Will House Republicans Try To Defund Financial Regulatory Reform?

Since it was signed by President Obama, House Republicans have threatened to essentially repeal the Affordable Care Act by refusing to fund it. “I can’t imagine a Republican Congress is going to give this President the money to begin this process,” House Minority Leader John Boehner (R-OH) has said. A spokesman for House Minority Whip Eric Cantor (R-VA) even has a list of “possible targets for defunding.”

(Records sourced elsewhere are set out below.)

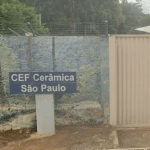Criança de 11 anos é esfaqueada por colega em escola pública no DF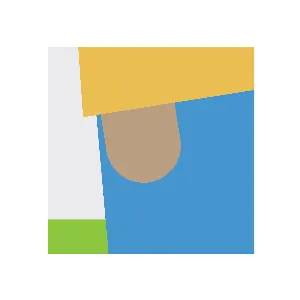 Pochette de I Might Need Security de Chance the Rapper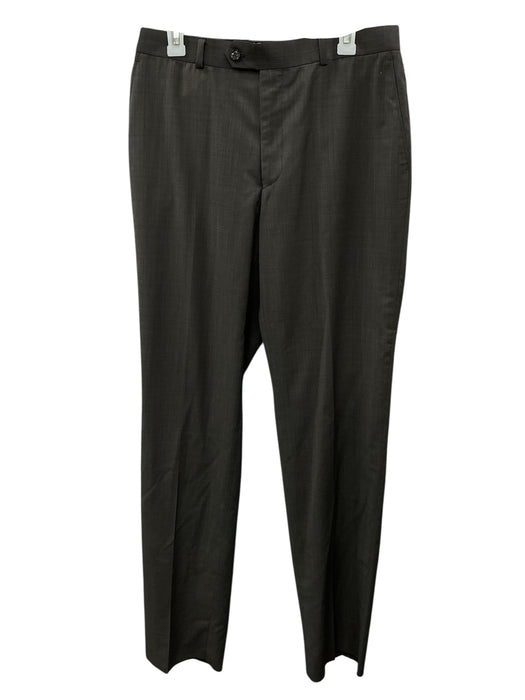 Pantalón 33 (ALESSO)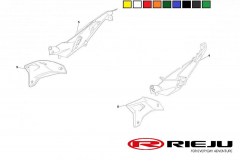 tango-125i-e5-2021-noir-colores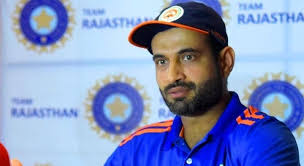 Cricketer irfan pathan has been quite active on social media of late. Irfan Pathan Net Worth 2021 Car Salary Career Awards Bio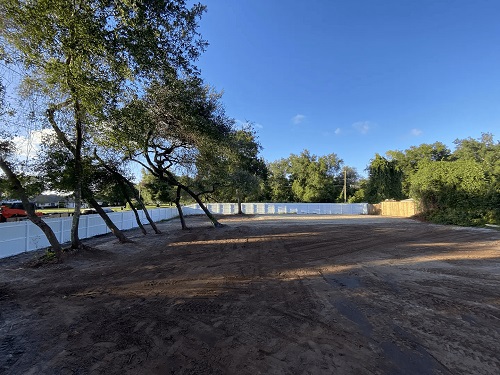 c1 Trident Land Solutions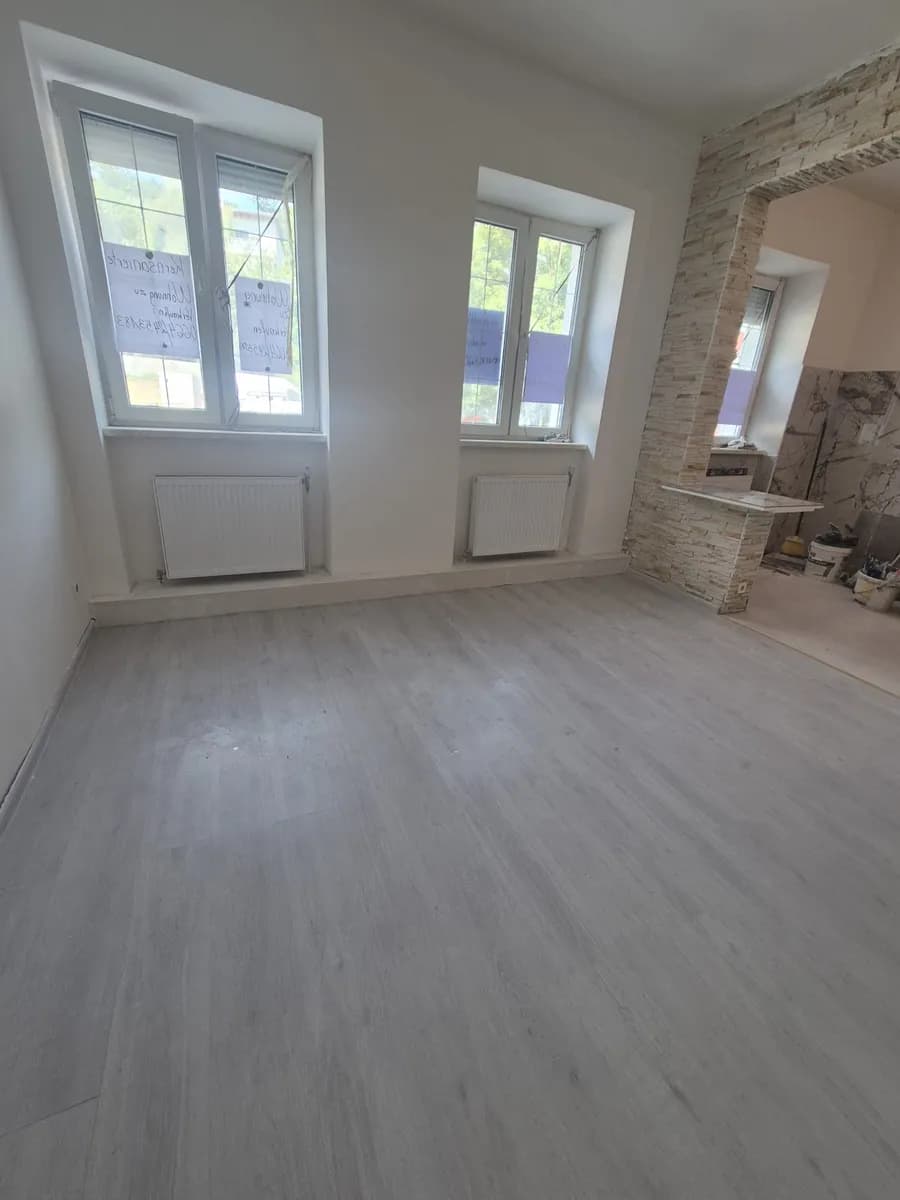 2-Zimmer-Wohnung kaufen in Mödling – 27 m², € 130.000 – Bild 2 von 8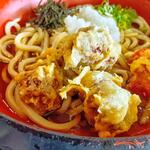 得得 - 料理写真: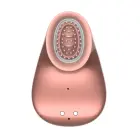 Shots Toys Twitch Handsfree Intimate Machine vibrators — Foto 5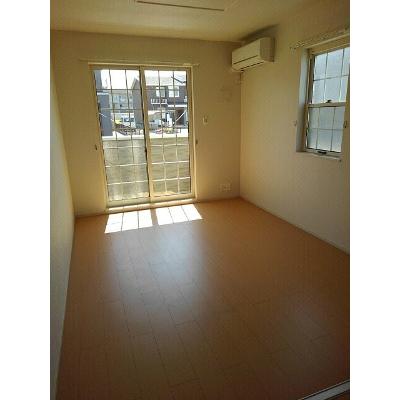 ラウレールＡ 102【管理NO：1-018104601-01020】 ★家具家電は申し込み後に搬入します 2026年07月下旬入居可能の物件画像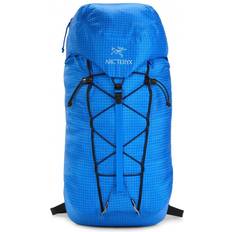 Arc'teryx Bags Arc'teryx Alpha SL 23 - Blue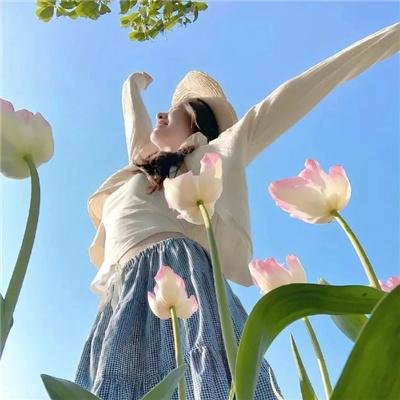 星学院之明日传说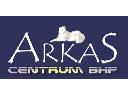 logo_arkas_bhp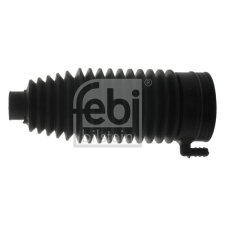 FEBI BILSTEIN Védősapka/gumiharang, lengéscsillapító FEBI BILSTEIN 38657 lengéscsillapító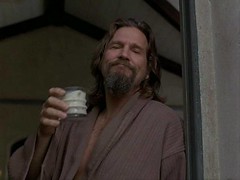 the-dude-with-a-white-russian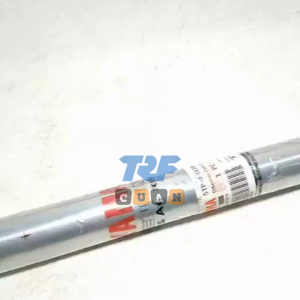 As Shock Depan Jupiter Z Jupiter Burhan Vega R New Old Jupiter Z1 Fizr Force Drat Shockbreaker 1 Pcs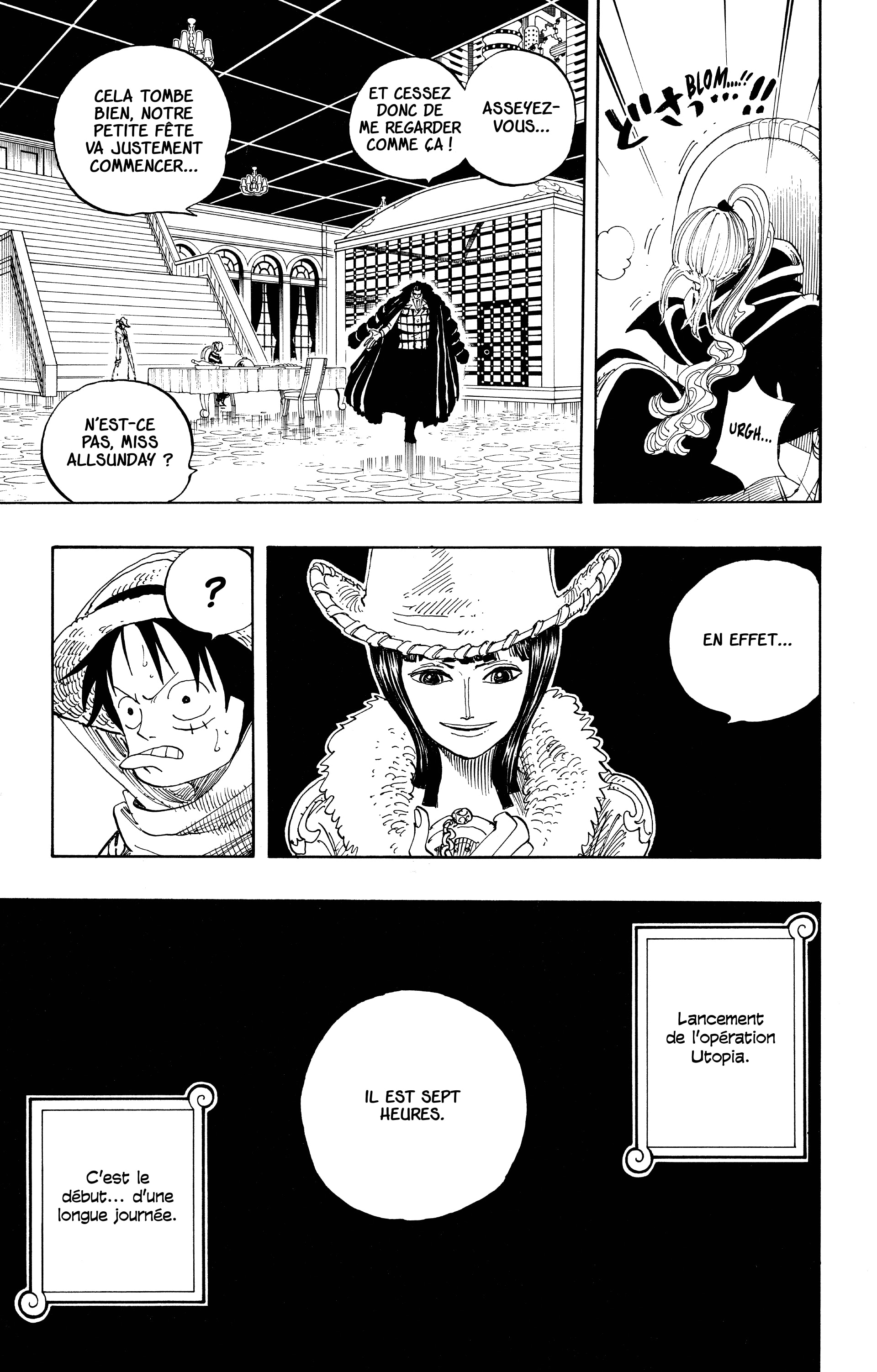Chapter Image 667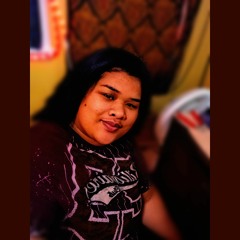 Sokukun Fonufan🙏❣Song by Eyleen💖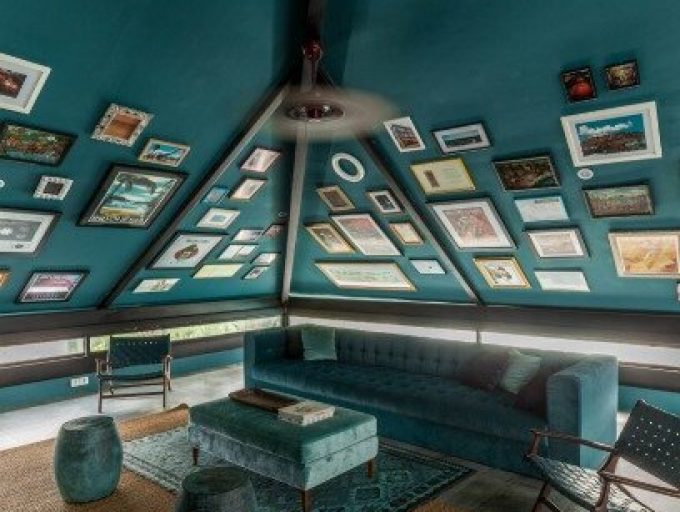 WhatsApp Image 2022-04-06 at 10.50.15 AM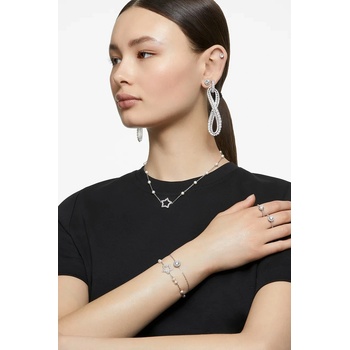 Swarovski Пръстен Swarovski STILLA (5717933)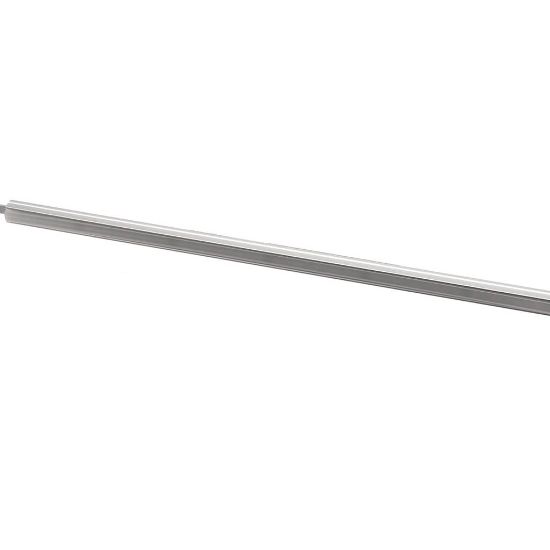 Picture of Beverage Air Light - Led Stick 12" 24V/3w/4100k/175l Part# 503-306D-01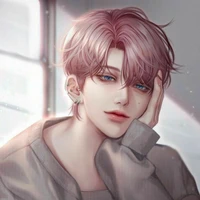 Kai (hắn)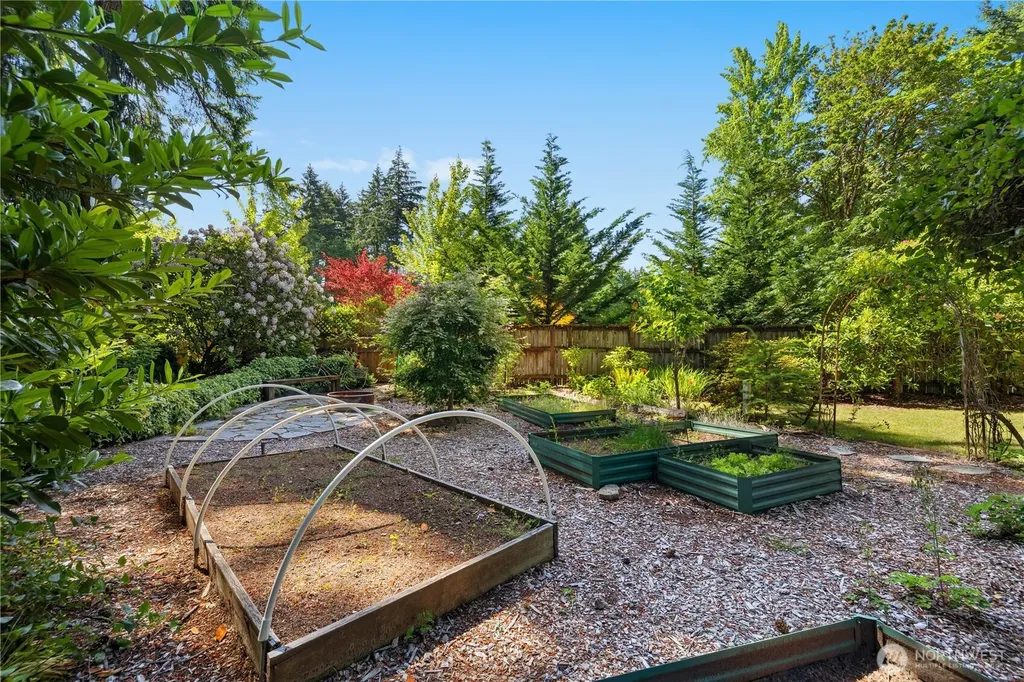 2305 19th NW Olympia WA 98502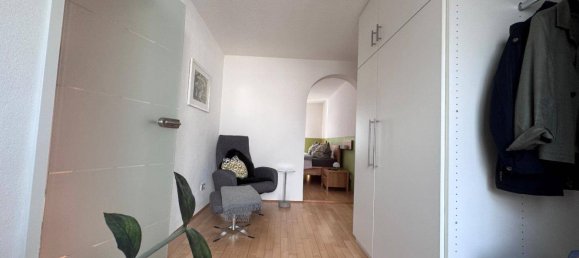 1 Schlafzimmer Haus in Neu-Ulm, Germany, Nr. 275431 39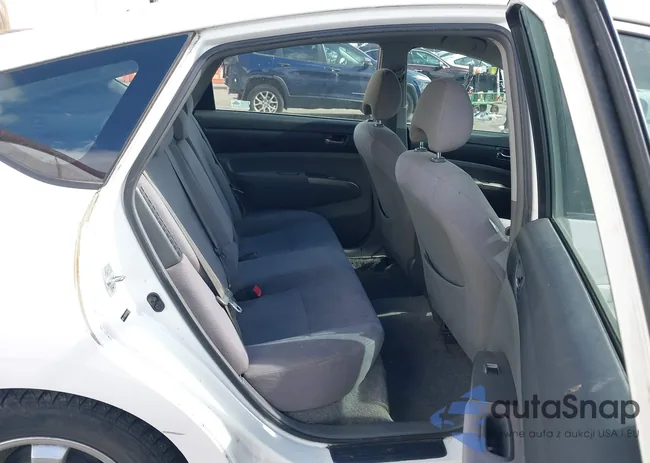 JTDKB20U593505822: 44575205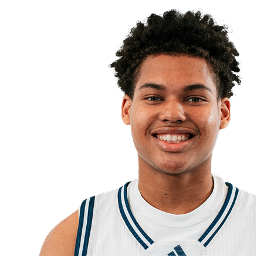 Myles Walker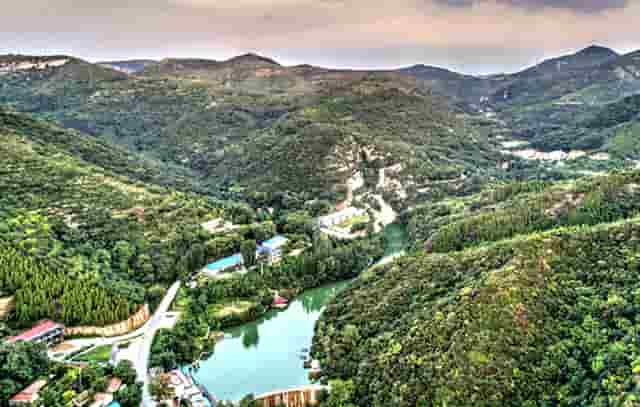 时尚商品搭配技巧(休闲时尚男装搭配技巧)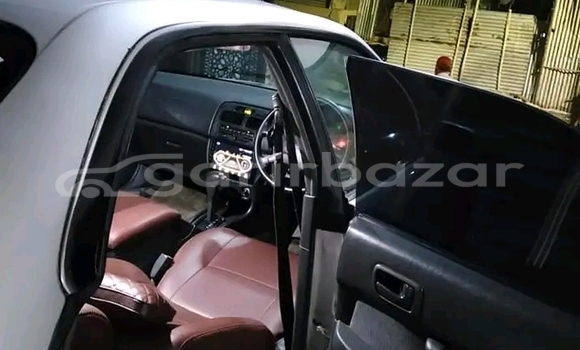 কেনা ব্যবহৃত Toyota Etios Others গাড়ী মধ্যে ভোলা মধ্যে Bhola কেনা ব্যবহৃত Toyota Etios Others গাড়ী মধ্যে ভোলা মধ্যে Bhola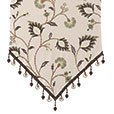 Michon Runner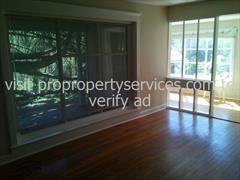 11654 Meeting House Rd - Photo 3 of 15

Could Republicans attempt to do the same to the Dodd-Frank financial regulatory reform legislation? Before Congress left for its current recess, the federal bank regulators — including the Securities and Exchange Commission, the Commodity Futures Trading Commission and the Treasury Department — requested funding to begin implementing the bill, but were shot down by Republican opposition:

The request for additional short-term money ran into tough criticism from Republicans, who sought a “clean” spending bill without the increases. House Republicans opposed the Obama administration’s request for money for the Treasury Department because it creates a new Consumer Financial Protection Bureau (CFPB) with oversight of consumer products, including home loans and credit cards. With Republicans set to gain additional seats, or possibly control of Congress, in the midterm elections, the battle over appropriations will likely continue in a lame-duck session of Congress.

“The implementation of that good and historic law is in jeopardy if the CFTC doesn’t have increased resources,” Bart Chilton, a CFTC commissioner, said last week. Let’s not forget, many Republicans have expressed a desire to repeal Dodd-Frank outright, and if they can’t get that, defunding agency efforts to implement the new rules is the next logical step.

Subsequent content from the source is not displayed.